*ACTION ITEM*. Images are not part of the copy; transcribe all the data exactly.

*DATA*.
- - - - -
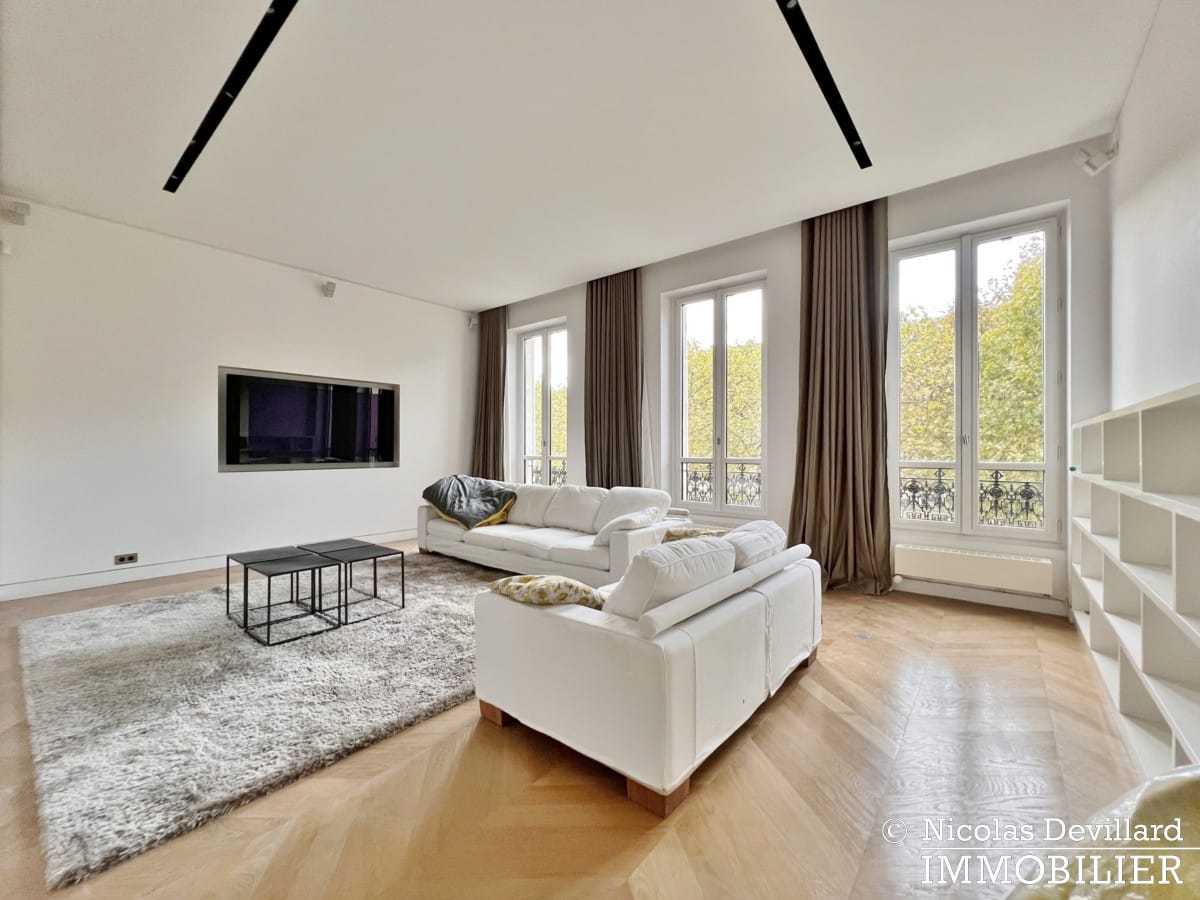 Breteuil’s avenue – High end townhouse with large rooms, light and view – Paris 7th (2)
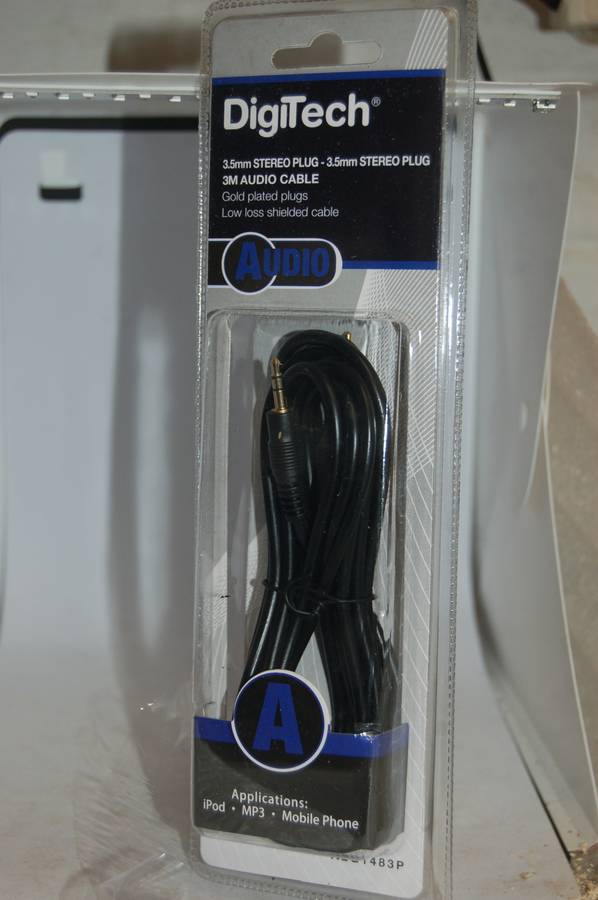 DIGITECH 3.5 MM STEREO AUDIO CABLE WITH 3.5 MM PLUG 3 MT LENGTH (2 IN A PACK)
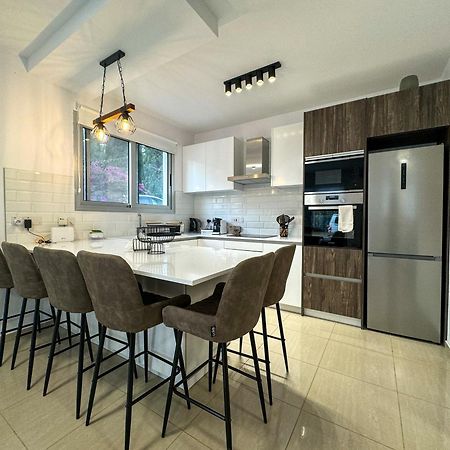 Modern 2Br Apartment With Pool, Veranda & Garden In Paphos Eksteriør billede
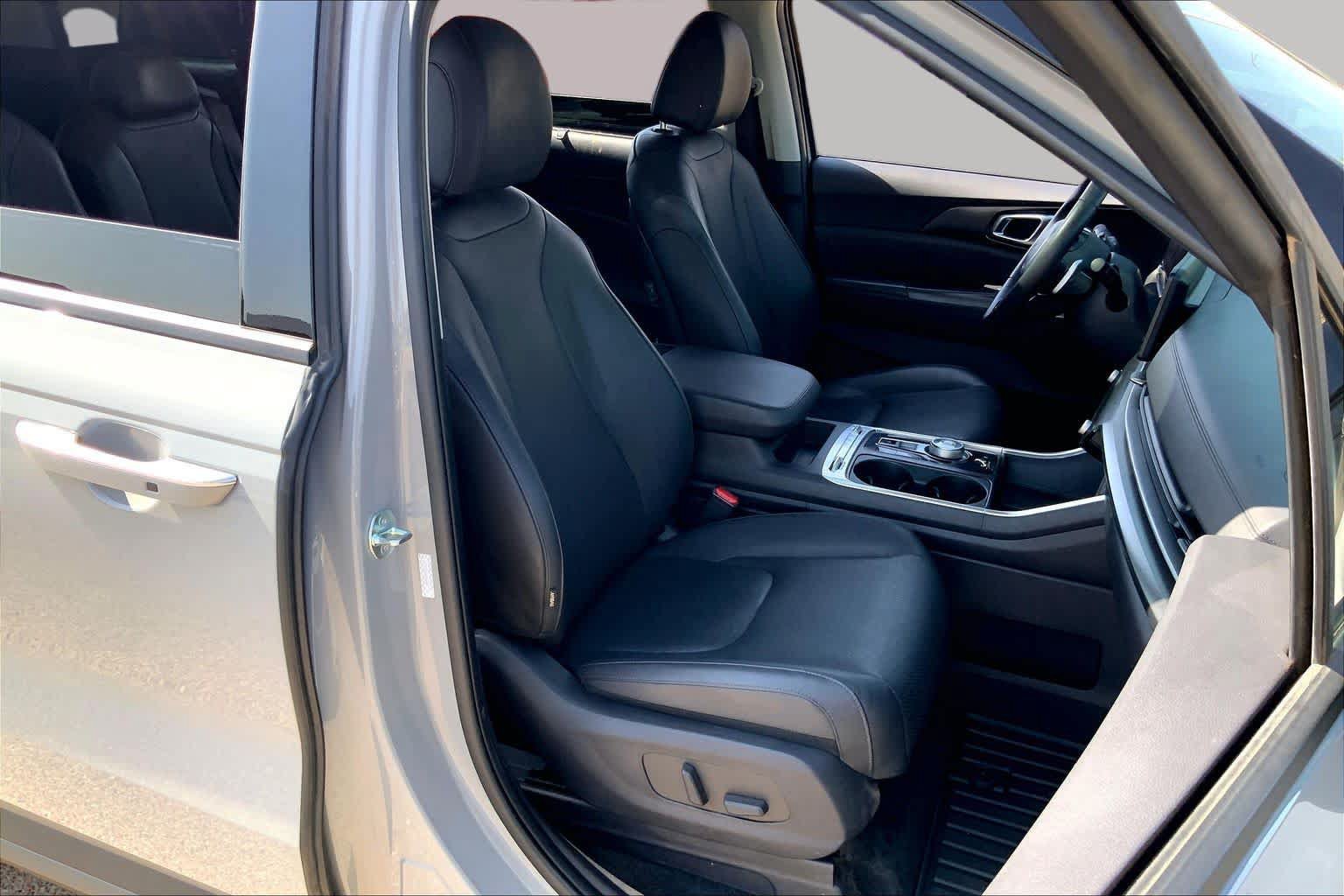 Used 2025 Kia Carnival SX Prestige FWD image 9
- - - - -
*RESULT*.
 Breteuil’s avenue – High end townhouse with large rooms, light and view – Paris 7th (2)
 DIGITECH 3.5 MM STEREO AUDIO CABLE WITH 3.5 MM PLUG 3 MT LENGTH (2 IN A PACK)
 Modern 2Br Apartment With Pool, Veranda & Garden In Paphos Eksteriør billede
 Used 2025 Kia Carnival SX Prestige FWD image 9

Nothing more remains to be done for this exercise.